[Recorded information Boundary: Start]

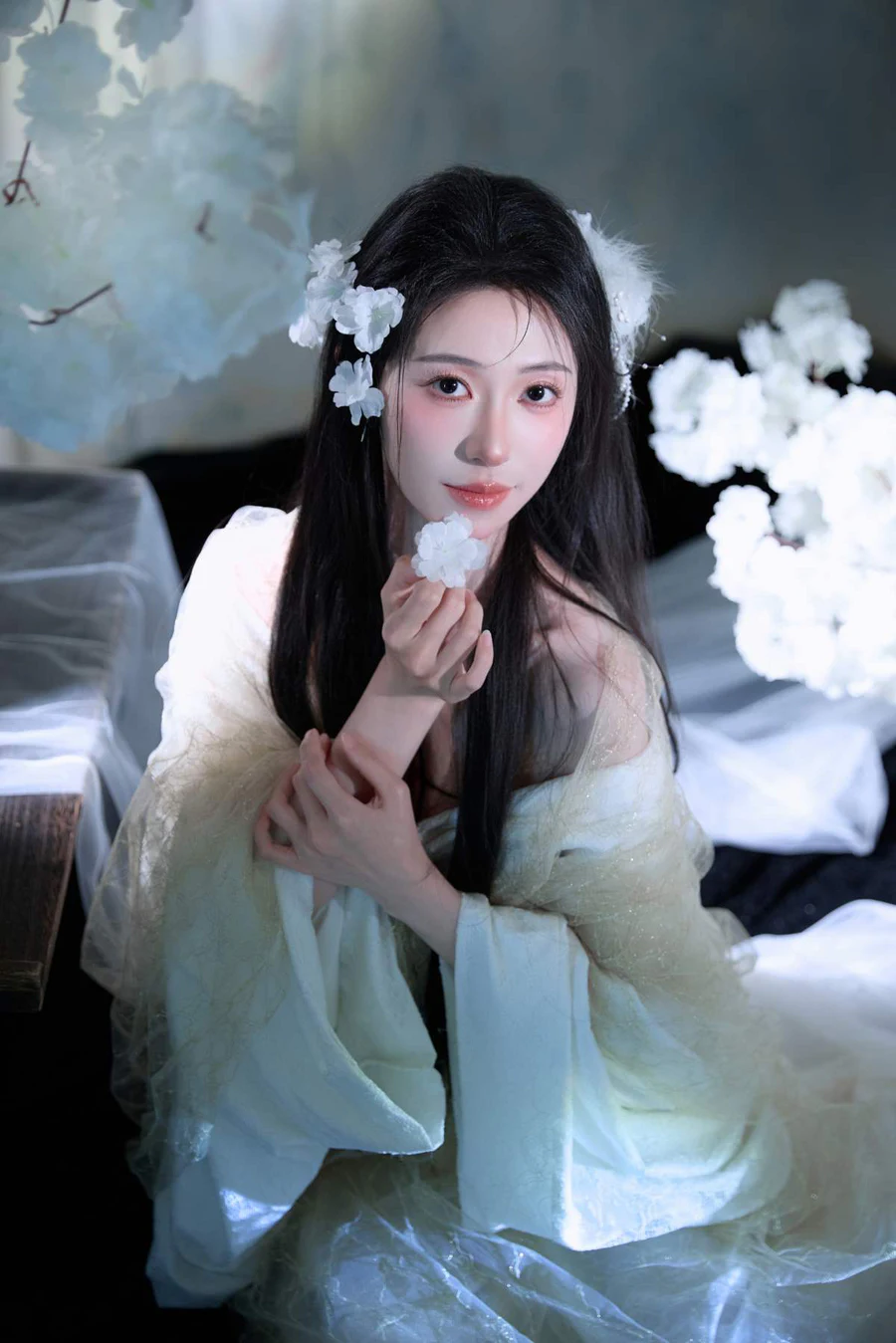 [YITUYU艺图语]2025.04.25 梨花白 粉面姑娘 YITUYU艺图语-第2张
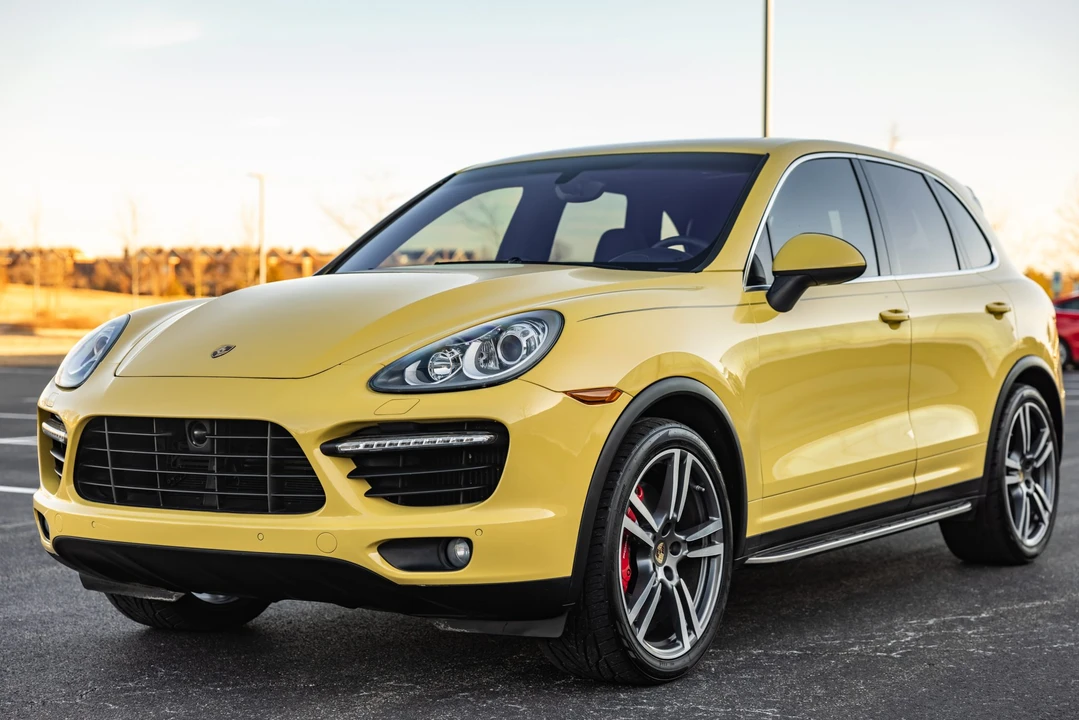 2012 Porsche 958 Cayenne Turbo - Image 2 of 31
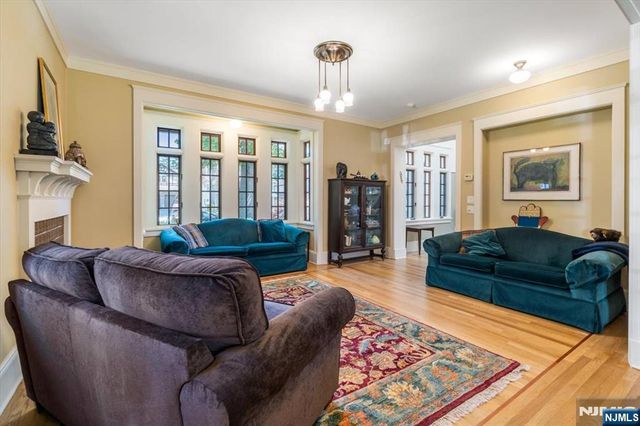 314 Winthrop Road, Teaneck, NJ 07666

[Recorded information Boundary: End]

Problem to work on :: Everything from the line holding "2012 Porsche 958" through the last line of the listing should be written out exactly, except for the pictures.

Response box ::
 2012 Porsche 958 Cayenne Turbo - Image 2 of 31
 314 Winthrop Road, Teaneck, NJ 07666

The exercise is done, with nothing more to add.